Il lavoro fu svolto in un clima di sostanziale concordia tra le varie forze politiche (a parte certe polemiche sulla figura del vicesindaco e della presidenza del consiglio comunale, ma nulla di che, zuffe da pollaio politico di scarsa importanza…) e il lavoro complessivo fu sostanzialmente concorde. Certo, il commissario della Lega Nord voleva che lo statuto proibisse le preghiere pubbliche dei residenti di fede musulmana e gli si dovettero leggere un paio di articoli della Costituzione per convincerlo che questo non fosse possibile… Certo io volevo l’incompatibilità tra membership del consiglio e della giunta ma un po’ di telefonate concitate da parte di assessori in carica fecero cadere la cosa.
Lo scontro vero fu sul concetto di “famiglia”. E fu scontro pesante. Ricordo ancora come nacque quella questione: la prima bozza dello Statuto prevedeva un articolo un po’ banalotto sull’impegno del Comune a tutela della famiglia.
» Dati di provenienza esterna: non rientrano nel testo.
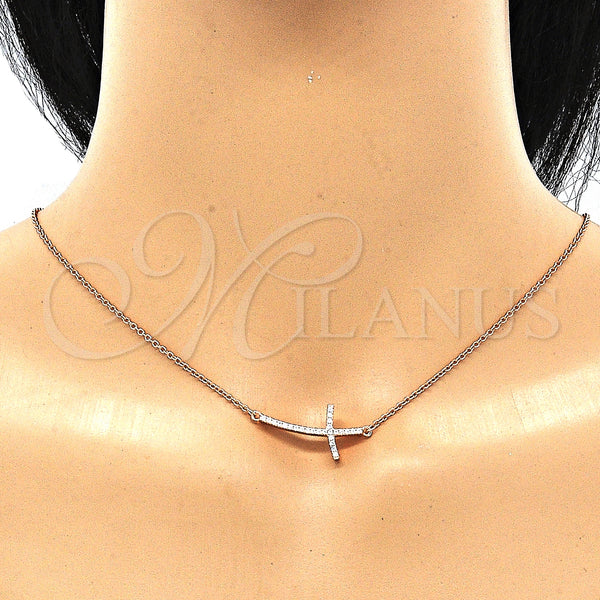 Sterling Silver Necklace — Pendant Necklace Cross Design with White Cubic Zirconia — alternate product view — SKU 130810 | Plata 925 collar — Pendant Necklace cruz diseño with blanco Cubic Zirconia — SKU 130810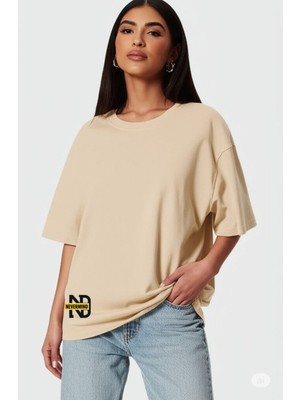 Nevermind | Sol Alt "nevermınd" Baskılı Geniş Kalıp Oversize Unisex Tişört
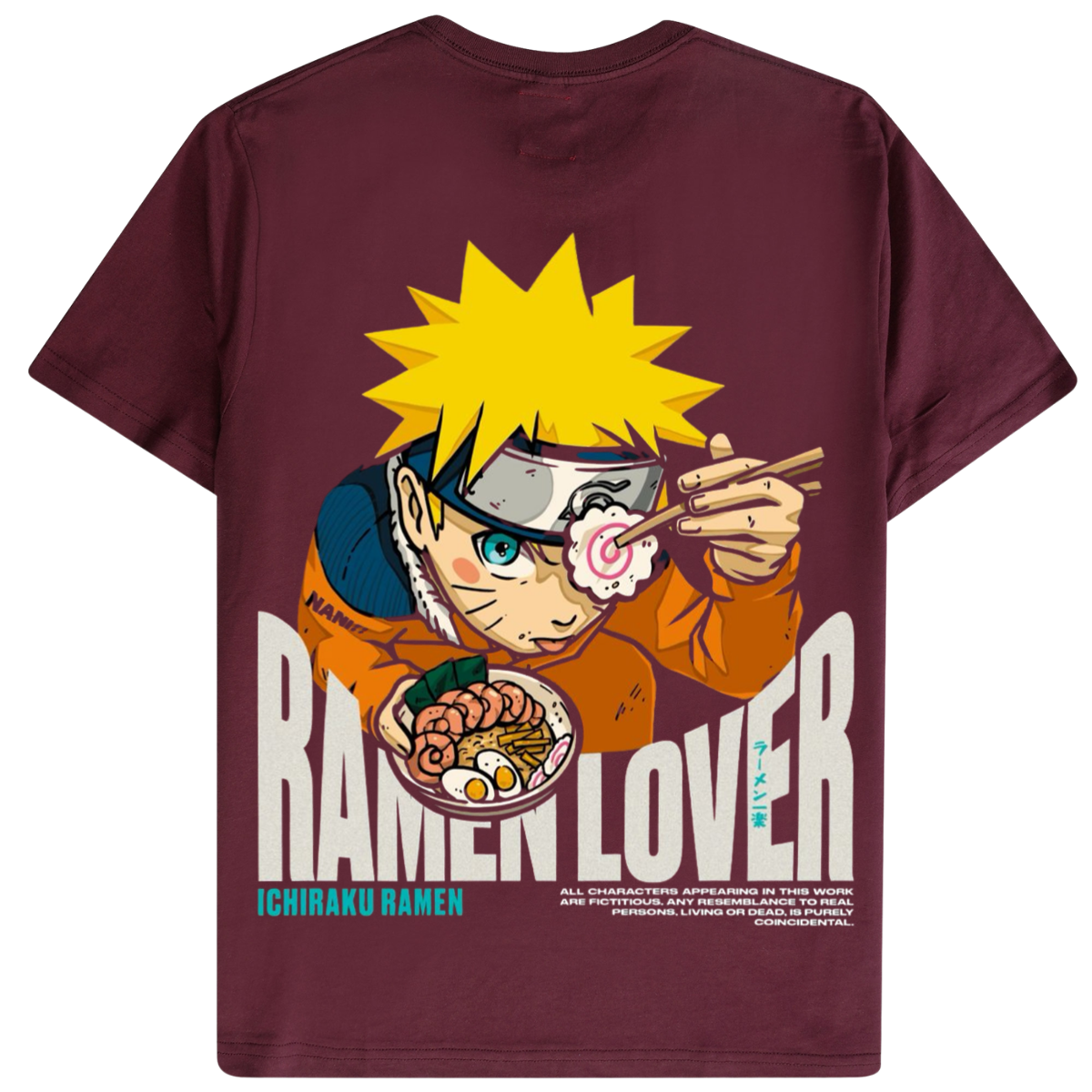 Maroon t-shirt with a graphic of Naruto eating ramen and 'Ramen Lover' text on a white background.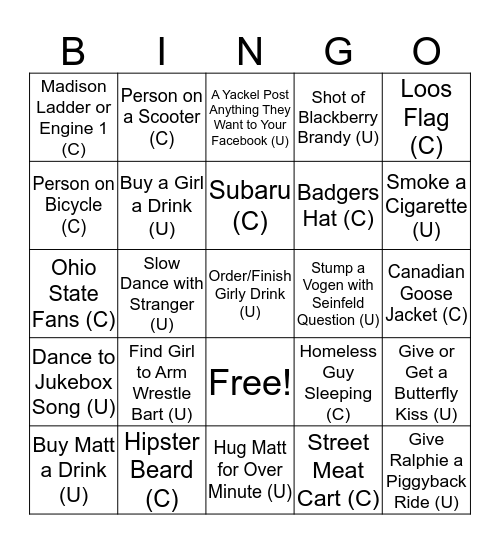 Madison BINGO Card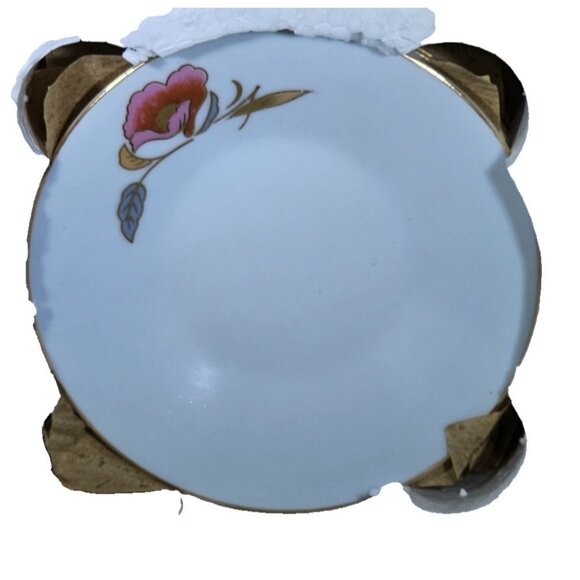 Porcelain Demitasse, Espresso Cups & Saucers, Pink Floral with Gold Trim, Footed - Picture 4 of 5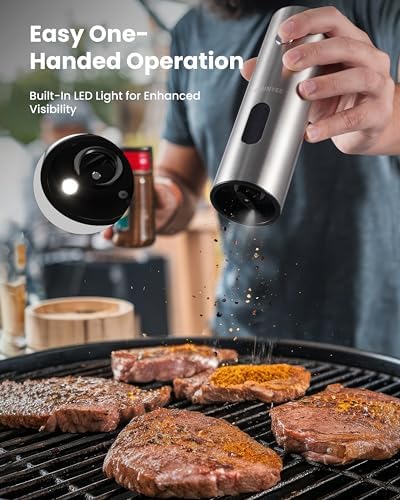 Rechargeable Electric Salt and Pepper Grinder Set, Charging Base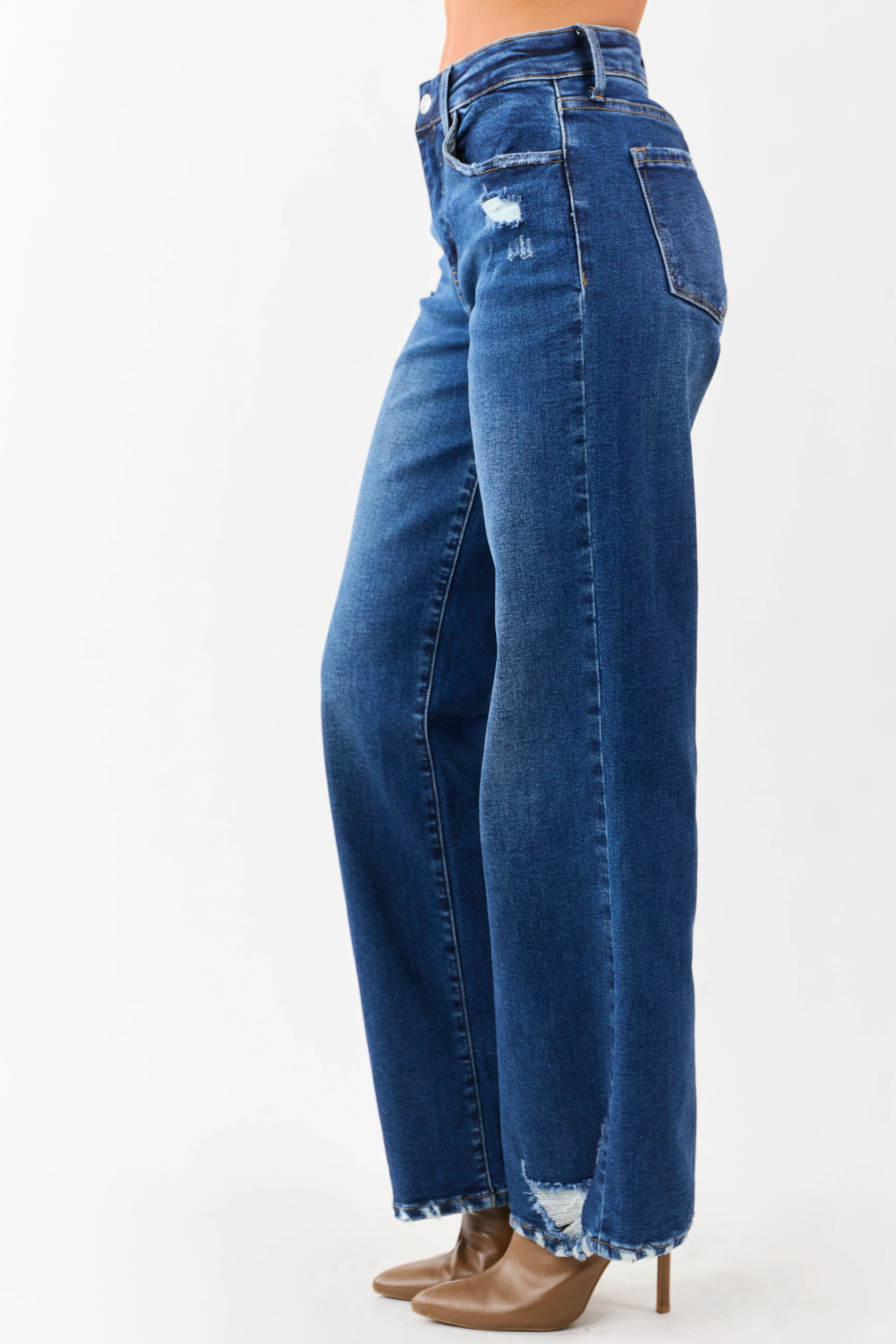 KanCan Dark Wash Wide Leg High Rise Stretchy Jeans - Image 3
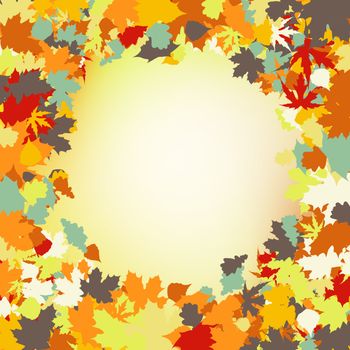 ?olorful autumn leaves frame. EPS 8 vector file included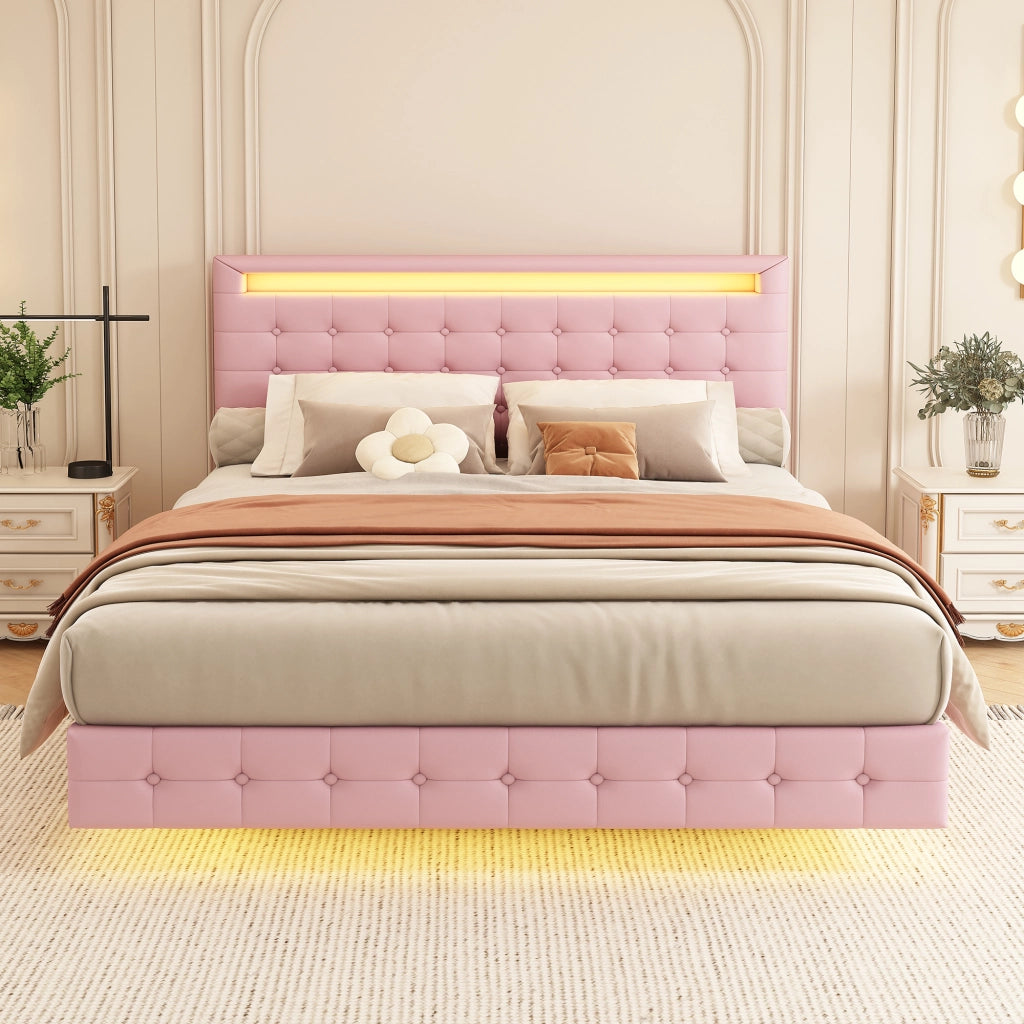 letto basso pu rosa 140 x 200 cm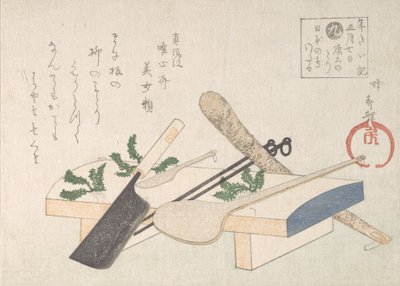 Küchengeräte mit Grünzeug für die Zeremonie am 7. Januar, 19. Jahrhundert von Hachifusa Shuri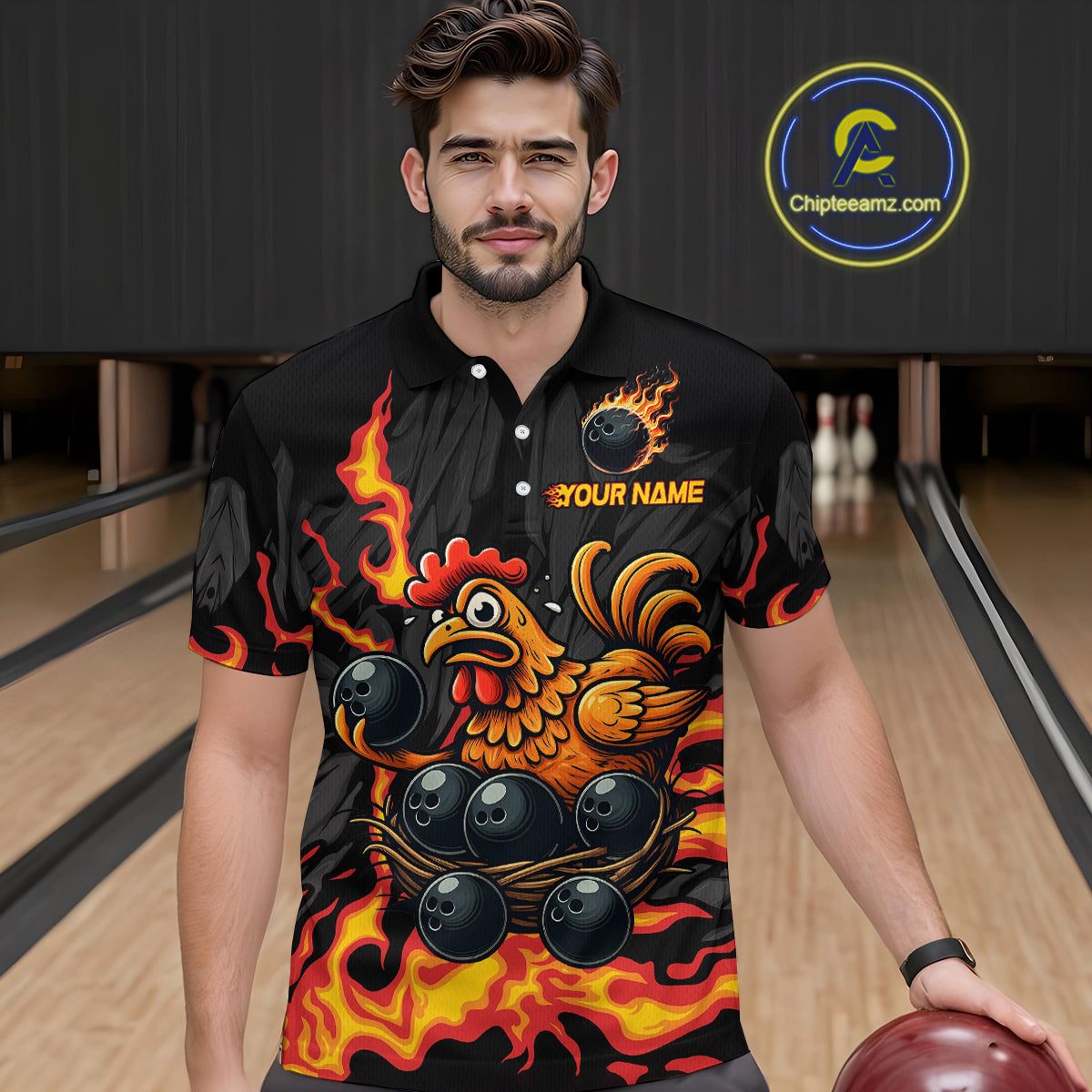 Personalized Chicken Bowling Shirt Orange Flame Bowling for Men Team League Polo & Quarter-Zip QZT706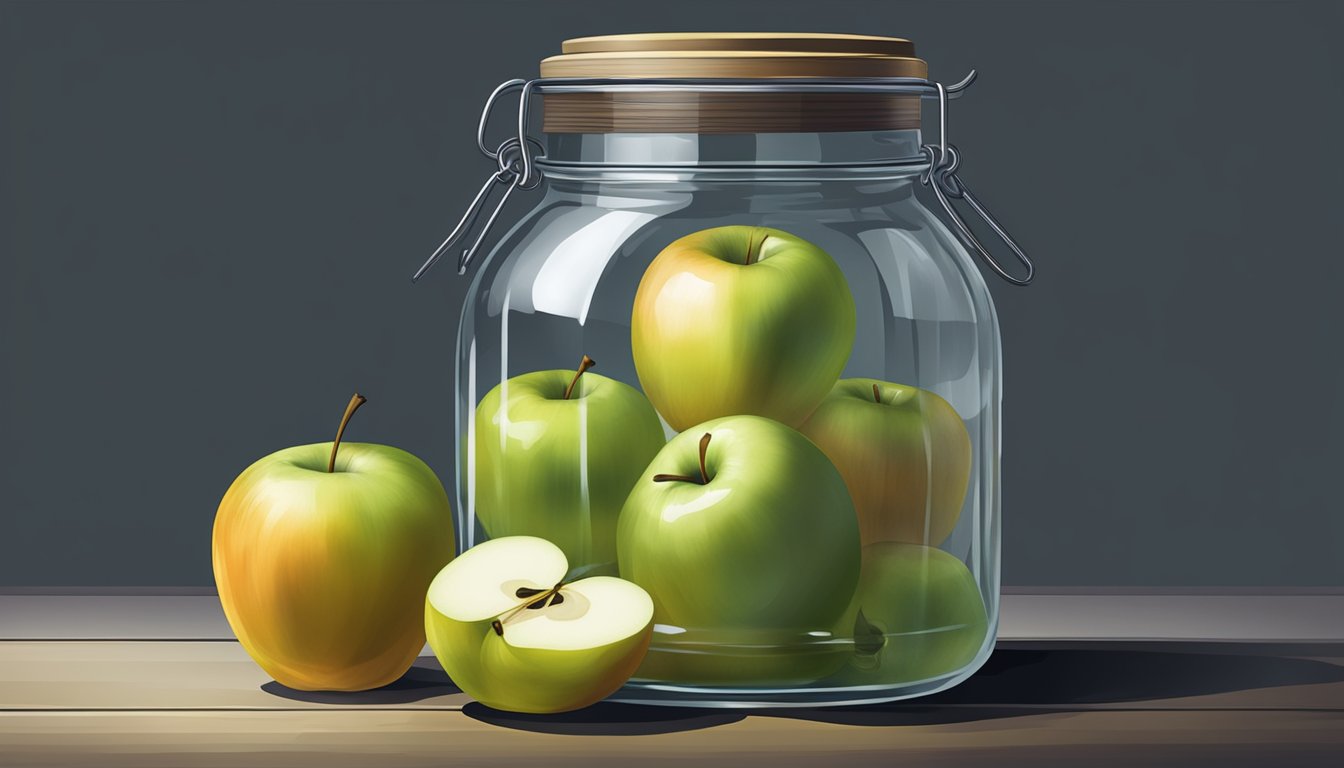 A glass jar filled with sliced apples submerged in liquid, covered with a cloth secured by a rubber band, placed in a dark, cool area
E poiché già da alcuni anni il tema del riconoscimento in una qualche forma delle c.d. “unioni di fatto” – indipendentemente dal sesso dei componenti – aveva iniziato a manifestarsi nel dibattito pubblico decisi di inserire un inciso volto al riconoscimento di una dignità per le unioni diverse dalla famiglia tradizionale:
Il Comune riconosce la dignità delle unioni familiari e affettive fondate sull’amore e sul rispetto reciproco, ne tutela i diritti dei componenti secondo le vigenti leggi e promuove le necessarie politiche per favorire il libero svolgimento delle riconosciute funzioni sociali e superare le eventuali situazioni di disagio.
Certo, come comune non potevamo fare di più, in fondo si trattava solo di una semplice frasetta senza grandi pretese, ma fu sufficiente a far esplodere la santabarbara. I commissari cattolici (del CCD-CDU) iniziarono una lotta che costrinse la commissione a riunirsi varie volte, senza trovare un punto di intesa. Io mi ero incaponito – come presidente – a depositare in consiglio uno Statuto unanime, ma non se ne veniva fuori. Il punto di massima tensione fu quando l’arciprete inviò una lettera al Sindaco per ricordargli le radici cristiane della comunità che era chiamato a governare e che diede alla LN l’occasione per sfilarsi e scatenare una crociata sui giornali locali.
Alla fine però il progetto di Statuto venne approvato a larga maggioranza. E questo fu grazie, soprattutto, a Forza Italia che ruppe il “fronte del rifiuto” chiedendo solamente che l’articolo sulla famiglia e quello sulle “unioni familiari e affettive” (categoria giuridica inventata di sana pianta) fossero distinti. Una richiesta di forma, dunque, ma non di sostanza. Accolta la quale il testo passò con la maggioranza qualificata richiesta ed è ancora lì, immodificato. E a Tarcento le famiglie “tradizionali” esistono ancora. La gente si fa battezzare in chiesa e in chiesa si svolgono i funerali. Tutto procede come sempre.
Che dire, mi fa piacere che – dopo 15 anni – la Repubblica Italiana riesca a raggiungere perlomeno il livello evolutivo del Comune di Tarcento.